Brüssel · Null. So lautet die Bilanz der bisherigen Gespräche um das geplante Freihandelsabkommen TTIP zwischen den Vereinigten Staaten und der Europäischen Union nach drei Jahren und 13 Verhandlungsrunden. Bislang konnten EU-Chefunterhändler Ignacio Garcia Bercero und der US-Handelsbeauftragte Dan Mullaney noch hinter keinen der 27 Teilbereiche einen Haken setzen. Auch in der jüngsten Runde, die gestern zu Ende ging, hat sich wenig getan. Dabei drängt langsam die Zeit.

Selbst EU-Handelskommissarin Cecilia Malmström musste unlängst eingestehen, dass "bedeutende Fortschritte" nötig seien, um einer Vereinbarung näherzukommen. An ihrer Ambition, dies zu erreichen, ließ die Schwedin keinen Zweifel: "Ich will diese Verhandlungen dieses Jahr zu Ende bringen." Doch bis dahin bleibt eine Menge zu tun. Lediglich vier der 27 Bereiche sind dem jüngsten Kommissionsbericht zufolge "in fortgeschrittener Konsolidierung". "Das heißt allerdings nicht, dass man sich in diesen Bereichen auch schon geeinigt hat", sagte der Vorsitzende des Handelsausschusses, Bernd Lange (SPD ), der SZ. Vielmehr werden in solchen Texten die amerikanischen und europäischen Einwände aneinandergereiht. Zu diesen Bereichen gehören die Themen Wettbewerb, Zölle und Handelserleichterungen, kleine und mittelständische Unternehmen sowie das ewige Streitthema des Investorenschutzes.

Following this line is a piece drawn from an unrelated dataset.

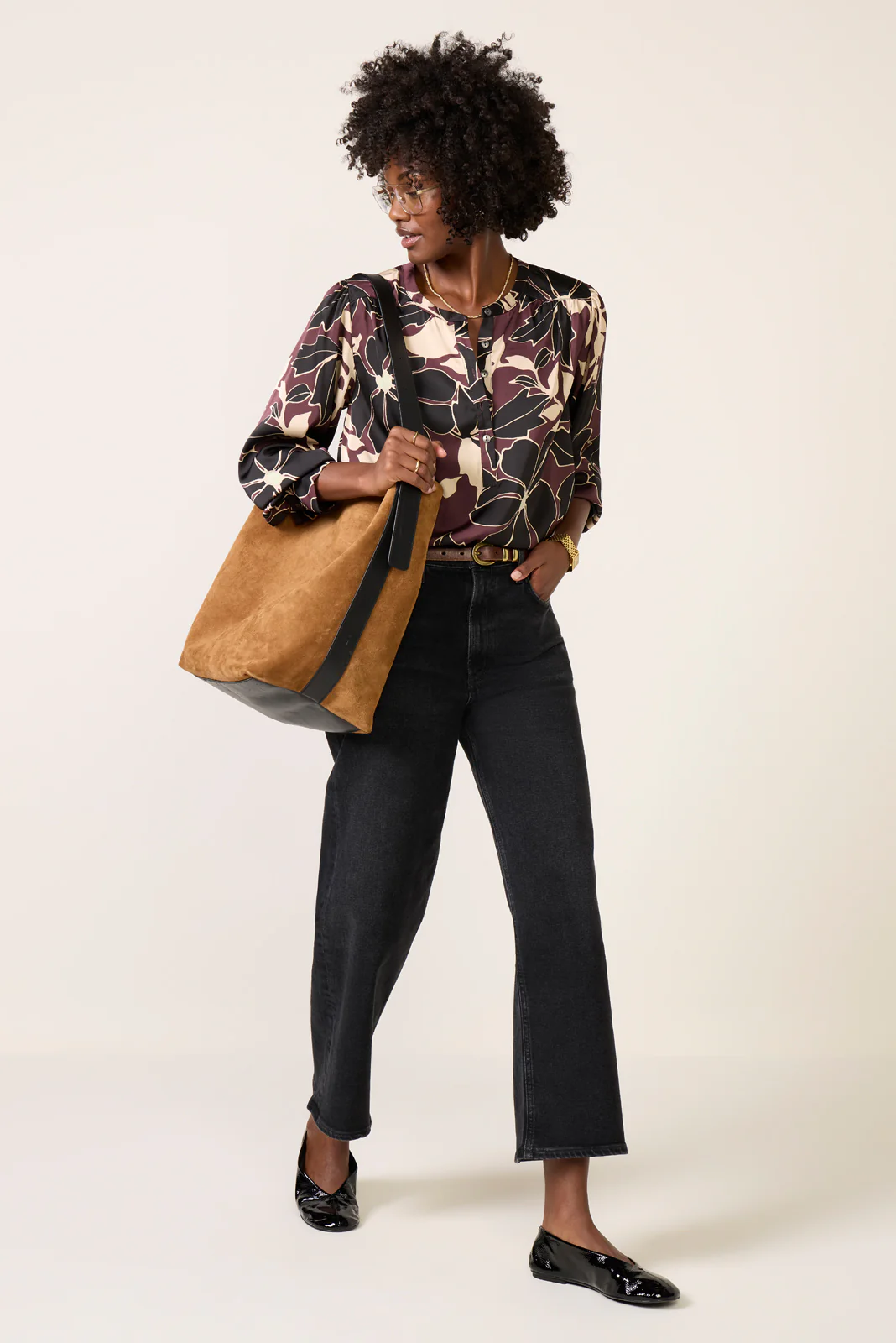 Elinor Satin Floral Blouse - Image 2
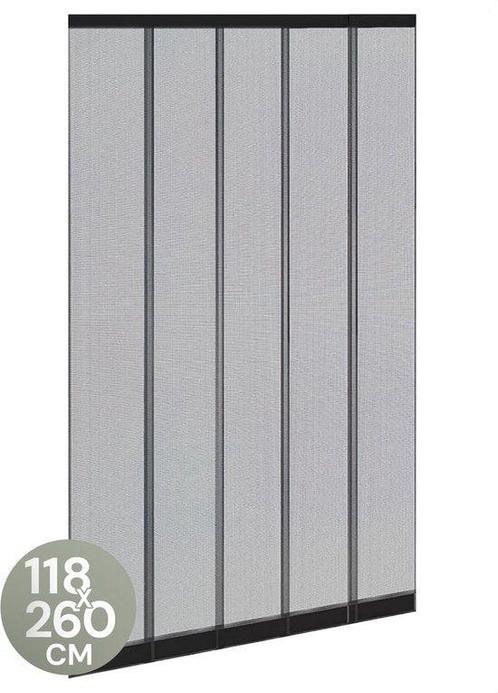 Tweedekans | ODADDY® Vliegengordijn Lamellenhor - 118x260, Doe-het-zelf en Verbouw, Deuren en Horren, Zo goed als nieuw, Ophalen of Verzenden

Nach wie vor haben die Amerikaner allerdings Vorbehalte gegen einen öffentlichen Gerichtshof mit eigenen Richtern. Lieber will man an den bisherigen privaten Schiedsgerichten festhalten, in denen Anwälte wechselweise auch als Richter fungieren können. In den Verhandlungen dürfte das Thema daher weiter auf Eis liegen. Doch auch in den übrigen Bereichen bleiben viele Baustellen. "Die Liste offener Fragen ist lang", weiß der Europaabgeordnete Lange. Dazu zählen etwa Korruptionsbekämpfung, Energie sowie der Umgang mit Subventionen und öffentlicher Auftragsvergabe.

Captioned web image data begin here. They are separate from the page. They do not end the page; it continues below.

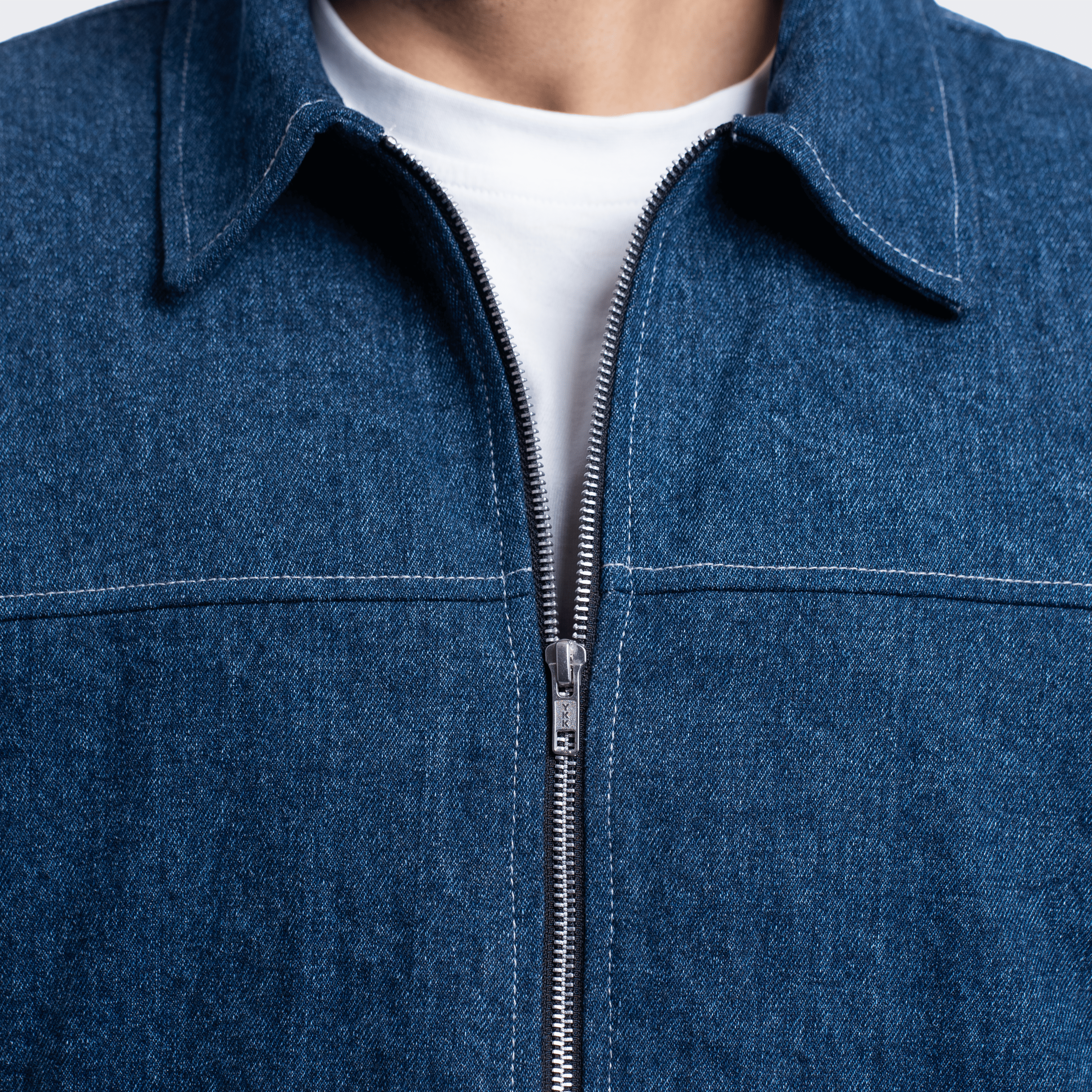 Denim Puffer Jacket
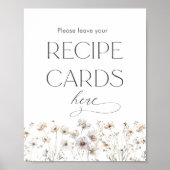 Wildflower Vrijgezellenfeest Laat je recept Kaarte Poster (Voorkant)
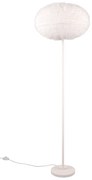 Kremowa lampa stojąca (wys. 154 cm) Furry – Trio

Dabei könnten beide Seiten von einem funktionierenden Abkommen profitieren. Gemeinsam würde der Markt mit gut 800 Millionen Menschen 30 Prozent der Weltwirtschaft ausmachen. Und Exportländer wie Deutschland könnten die bisherigen Mehrkosten durch unterschiedliche Bestimmungen von bis zu 20 Prozent auf null reduzieren.

Handelskommissarin Malmström wird nicht müde zu betonen: "Dass das Abkommen Substanz hat, ist wichtiger als das Tempo, in dem wir es abschließen." Doch bereits im November wählen die Amerikaner einen neuen Präsidenten. Und die potenziellen Anwärter sind nicht gerade Vorboten für eine schnelle Einigung in den Verhandlungen . Dabei täten beide Seiten gut daran, sich zu einigen. Denn die Schwellenländer drängen auf den Markt. Wenn nicht Europa und die USA die Standards setzen, werden es andere tun. Und zwar ohne Rücksicht auf Umweltschutz oder Sicherheit am Arbeitsplatz. Natürlich ist es richtig, dass gemeinsame Standards nicht so niedrig sein dürfen, dass sie das bisherige Niveau verwässern. Und es mag sein, dass es Zeit braucht, sich auf Kompromisse zu einigen. Doch wenn das Abkommen in diesem Jahr nicht mehr ausverhandelt werden kann, könnte es endgültig ins Aus katapultiert werden. Dessen sollten sich alle bewusst sein.